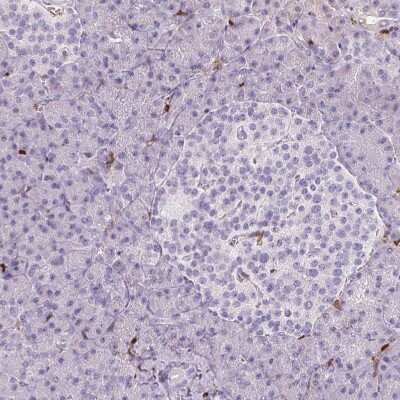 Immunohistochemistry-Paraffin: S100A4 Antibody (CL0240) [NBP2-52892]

* * *

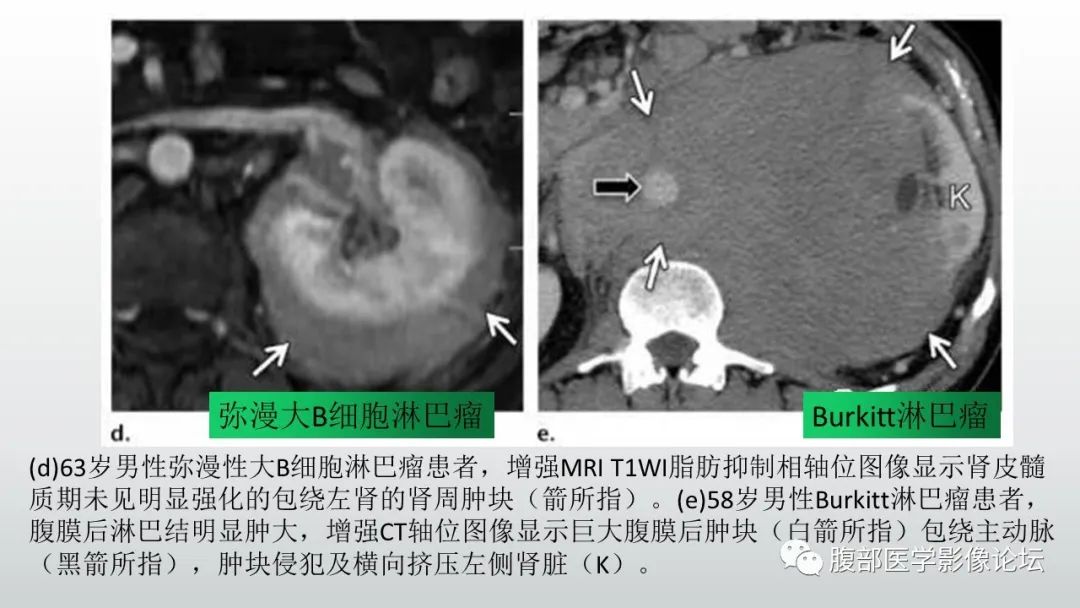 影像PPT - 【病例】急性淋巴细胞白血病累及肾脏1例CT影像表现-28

--

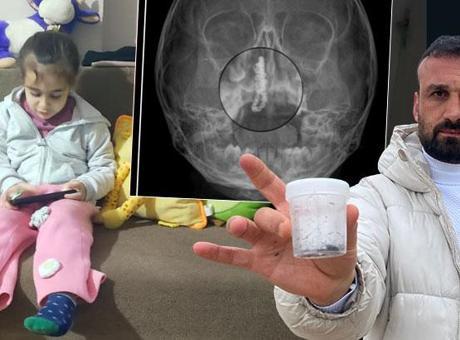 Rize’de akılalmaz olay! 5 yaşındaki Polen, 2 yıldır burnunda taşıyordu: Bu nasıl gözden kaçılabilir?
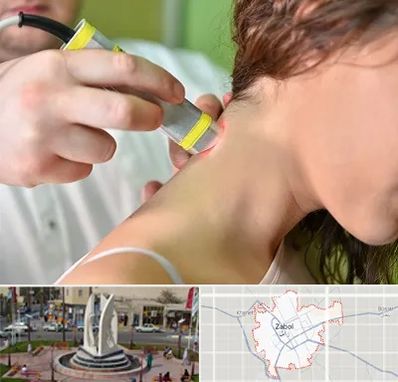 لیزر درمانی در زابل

YOUR OBJECTIVE =>
For the material above, give again only the lines starting at the line that contains "Rize’de akılalmaz olay!" and ending at the line that contains "لیزر درمانی در زابل". Pictures do not belong in the copy.

WORKED SOLUTION =>
 Rize’de akılalmaz olay! 5 yaşındaki Polen, 2 yıldır burnunda taşıyordu: Bu nasıl gözden kaçılabilir?
 لیزر درمانی در زابل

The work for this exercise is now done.